[Start of section]

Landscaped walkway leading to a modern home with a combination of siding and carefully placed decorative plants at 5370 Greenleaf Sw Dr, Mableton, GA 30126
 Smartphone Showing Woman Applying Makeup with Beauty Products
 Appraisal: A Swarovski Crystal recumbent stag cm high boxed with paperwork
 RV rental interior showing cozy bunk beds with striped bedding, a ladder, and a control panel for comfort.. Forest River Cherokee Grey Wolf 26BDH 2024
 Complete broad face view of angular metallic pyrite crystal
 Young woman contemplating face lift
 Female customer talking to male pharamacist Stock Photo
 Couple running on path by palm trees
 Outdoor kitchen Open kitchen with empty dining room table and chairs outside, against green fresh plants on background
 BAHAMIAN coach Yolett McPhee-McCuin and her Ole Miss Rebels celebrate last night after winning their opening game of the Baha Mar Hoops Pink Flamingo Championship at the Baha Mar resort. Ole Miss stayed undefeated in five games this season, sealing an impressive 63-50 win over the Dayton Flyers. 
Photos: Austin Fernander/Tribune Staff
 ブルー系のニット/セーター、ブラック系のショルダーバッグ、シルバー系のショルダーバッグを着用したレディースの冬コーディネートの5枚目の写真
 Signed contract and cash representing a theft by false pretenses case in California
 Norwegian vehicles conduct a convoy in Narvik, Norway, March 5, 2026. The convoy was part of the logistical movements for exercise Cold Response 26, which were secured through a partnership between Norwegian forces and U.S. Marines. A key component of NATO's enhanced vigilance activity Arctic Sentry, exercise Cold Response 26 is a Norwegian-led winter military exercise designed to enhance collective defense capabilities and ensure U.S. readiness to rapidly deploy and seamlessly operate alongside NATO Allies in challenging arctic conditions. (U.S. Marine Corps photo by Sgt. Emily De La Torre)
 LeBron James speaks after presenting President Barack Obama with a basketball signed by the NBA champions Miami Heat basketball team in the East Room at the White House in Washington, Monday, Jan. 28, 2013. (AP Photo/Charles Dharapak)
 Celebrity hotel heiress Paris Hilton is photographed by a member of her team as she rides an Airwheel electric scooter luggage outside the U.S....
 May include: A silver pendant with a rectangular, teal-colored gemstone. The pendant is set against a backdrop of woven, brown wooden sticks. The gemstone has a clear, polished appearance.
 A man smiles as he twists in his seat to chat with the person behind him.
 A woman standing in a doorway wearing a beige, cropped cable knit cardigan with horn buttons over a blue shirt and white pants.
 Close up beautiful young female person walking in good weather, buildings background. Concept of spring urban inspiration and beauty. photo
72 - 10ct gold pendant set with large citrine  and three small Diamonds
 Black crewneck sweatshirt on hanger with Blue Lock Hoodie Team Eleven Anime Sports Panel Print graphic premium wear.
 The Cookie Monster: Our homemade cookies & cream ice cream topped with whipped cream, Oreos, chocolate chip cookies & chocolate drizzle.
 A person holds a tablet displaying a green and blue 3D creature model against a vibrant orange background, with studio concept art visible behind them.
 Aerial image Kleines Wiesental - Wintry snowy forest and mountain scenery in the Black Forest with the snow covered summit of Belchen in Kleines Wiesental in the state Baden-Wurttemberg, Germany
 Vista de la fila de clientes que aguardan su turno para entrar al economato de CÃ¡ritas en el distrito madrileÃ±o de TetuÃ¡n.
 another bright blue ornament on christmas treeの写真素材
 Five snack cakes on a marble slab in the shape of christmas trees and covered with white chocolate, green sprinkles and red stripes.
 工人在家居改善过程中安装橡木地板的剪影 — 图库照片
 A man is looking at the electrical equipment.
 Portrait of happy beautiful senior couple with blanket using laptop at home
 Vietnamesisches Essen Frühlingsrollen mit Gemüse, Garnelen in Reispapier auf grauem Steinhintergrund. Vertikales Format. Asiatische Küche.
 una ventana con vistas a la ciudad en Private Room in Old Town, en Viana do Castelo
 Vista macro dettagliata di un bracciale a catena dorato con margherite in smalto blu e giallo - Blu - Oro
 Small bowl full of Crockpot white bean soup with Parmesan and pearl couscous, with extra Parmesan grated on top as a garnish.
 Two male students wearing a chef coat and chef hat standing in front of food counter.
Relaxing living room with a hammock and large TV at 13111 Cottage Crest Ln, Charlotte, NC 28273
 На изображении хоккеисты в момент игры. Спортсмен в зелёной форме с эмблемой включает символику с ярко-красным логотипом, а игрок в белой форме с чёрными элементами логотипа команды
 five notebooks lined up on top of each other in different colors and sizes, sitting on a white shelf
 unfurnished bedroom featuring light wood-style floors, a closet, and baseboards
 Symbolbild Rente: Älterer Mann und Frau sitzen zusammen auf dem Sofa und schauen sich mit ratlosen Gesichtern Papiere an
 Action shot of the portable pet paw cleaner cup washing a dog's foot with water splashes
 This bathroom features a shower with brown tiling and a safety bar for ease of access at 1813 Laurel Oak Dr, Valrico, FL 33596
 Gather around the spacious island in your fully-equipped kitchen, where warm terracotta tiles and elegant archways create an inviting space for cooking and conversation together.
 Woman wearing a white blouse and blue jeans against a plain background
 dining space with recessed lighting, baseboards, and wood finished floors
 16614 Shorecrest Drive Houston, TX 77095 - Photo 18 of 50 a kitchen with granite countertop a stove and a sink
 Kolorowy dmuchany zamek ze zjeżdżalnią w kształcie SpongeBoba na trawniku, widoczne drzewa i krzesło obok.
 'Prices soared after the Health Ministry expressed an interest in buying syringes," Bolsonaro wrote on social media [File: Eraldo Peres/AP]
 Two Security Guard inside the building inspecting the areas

[End of section]

(Problem to solve) From the opening line of the data above through the line holding "Photos: Austin Fernander/Tribune Staff", give every line again exactly as it stands.

(Solution to this task)
Landscaped walkway leading to a modern home with a combination of siding and carefully placed decorative plants at 5370 Greenleaf Sw Dr, Mableton, GA 30126
 Smartphone Showing Woman Applying Makeup with Beauty Products
 Appraisal: A Swarovski Crystal recumbent stag cm high boxed with paperwork
 RV rental interior showing cozy bunk beds with striped bedding, a ladder, and a control panel for comfort.. Forest River Cherokee Grey Wolf 26BDH 2024
 Complete broad face view of angular metallic pyrite crystal
 Young woman contemplating face lift
 Female customer talking to male pharamacist Stock Photo
 Couple running on path by palm trees
 Outdoor kitchen Open kitchen with empty dining room table and chairs outside, against green fresh plants on background
 BAHAMIAN coach Yolett McPhee-McCuin and her Ole Miss Rebels celebrate last night after winning their opening game of the Baha Mar Hoops Pink Flamingo Championship at the Baha Mar resort. Ole Miss stayed undefeated in five games this season, sealing an impressive 63-50 win over the Dayton Flyers. 
Photos: Austin Fernander/Tribune Staff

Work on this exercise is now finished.